### What needs to be done
Starting at the line containing "wholesale beautiful design" and ending at the line containing "74246 Royce Drive, Palm Desert, CA 92211", transcribe the listing below exactly. Keep both end lines, skip the pictures, and copy nothing else.

### Records to use
+++

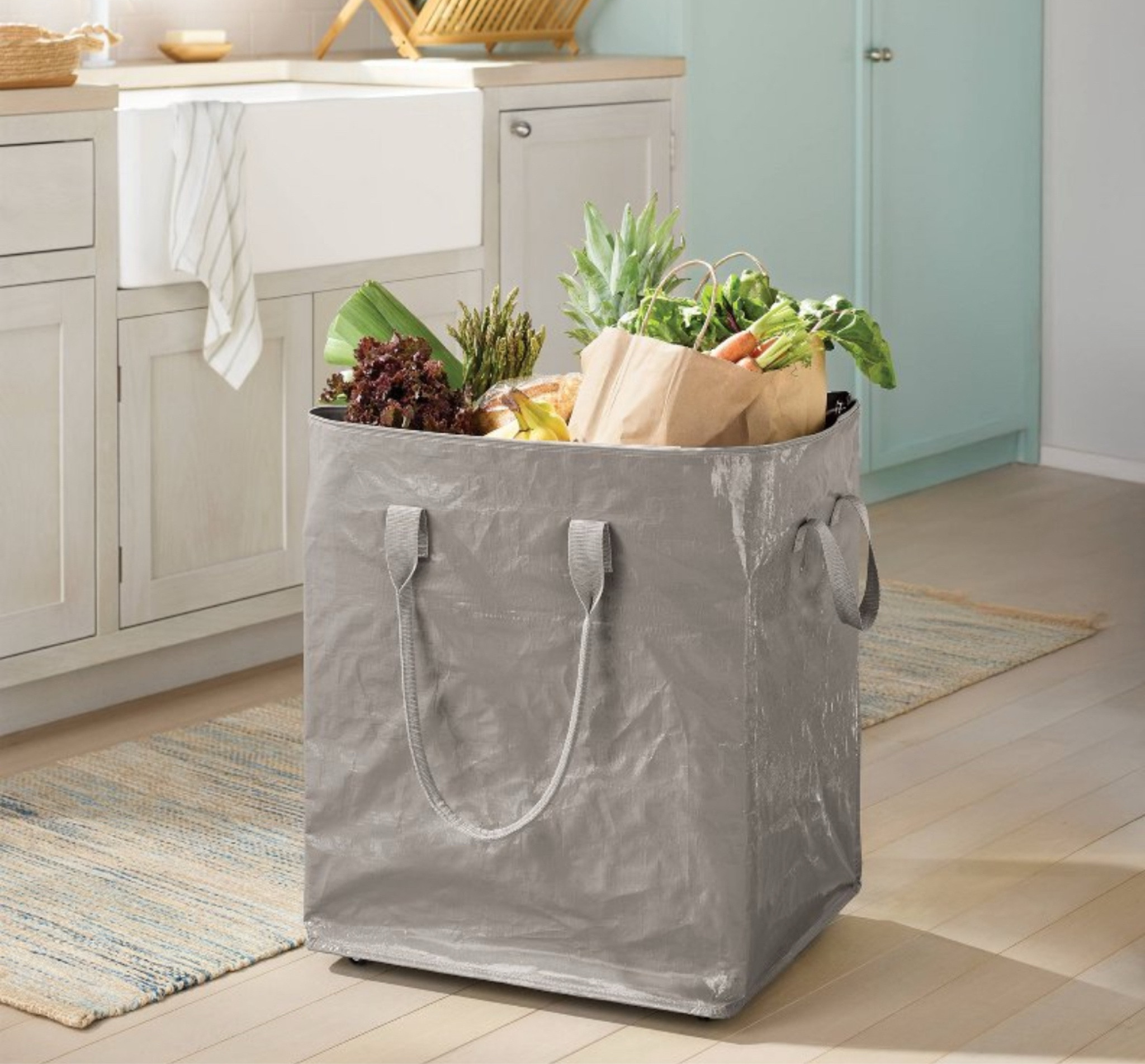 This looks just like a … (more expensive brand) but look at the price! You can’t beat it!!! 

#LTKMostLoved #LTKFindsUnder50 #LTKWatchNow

+++

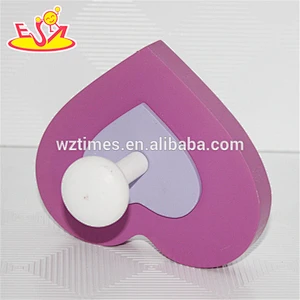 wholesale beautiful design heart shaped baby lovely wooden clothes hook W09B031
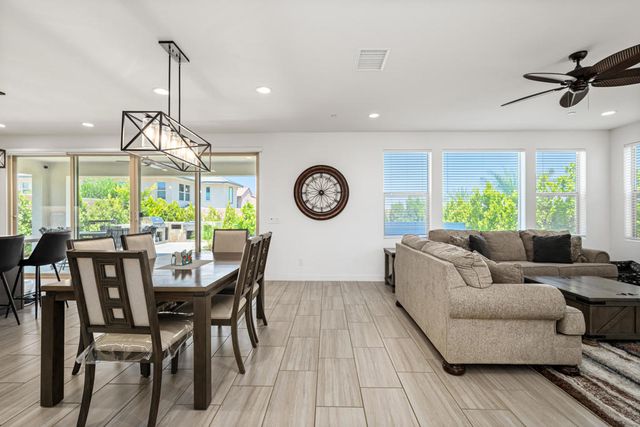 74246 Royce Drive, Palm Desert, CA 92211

+++

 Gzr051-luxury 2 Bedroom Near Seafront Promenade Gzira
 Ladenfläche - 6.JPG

+++

### Task answer
 wholesale beautiful design heart shaped baby lovely wooden clothes hook W09B031
 74246 Royce Drive, Palm Desert, CA 92211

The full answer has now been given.